Information provided:
####################
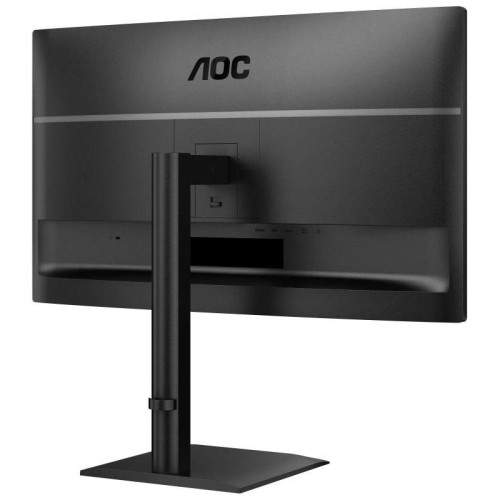 Монитор AOC 27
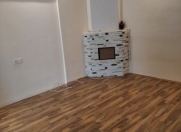 İcarəyə verilir 2 otaqlı 50 m2 köhnə tikili Montin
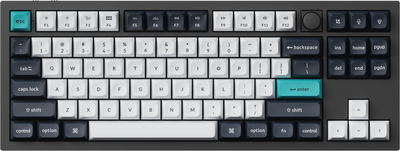 Keychron Q3 Max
####################
Problem details: All of the lines above should be printed exactly, minus the pictures.

Exercise output:
 Монитор AOC 27
 İcarəyə verilir 2 otaqlı 50 m2 köhnə tikili Montin
 Keychron Q3 Max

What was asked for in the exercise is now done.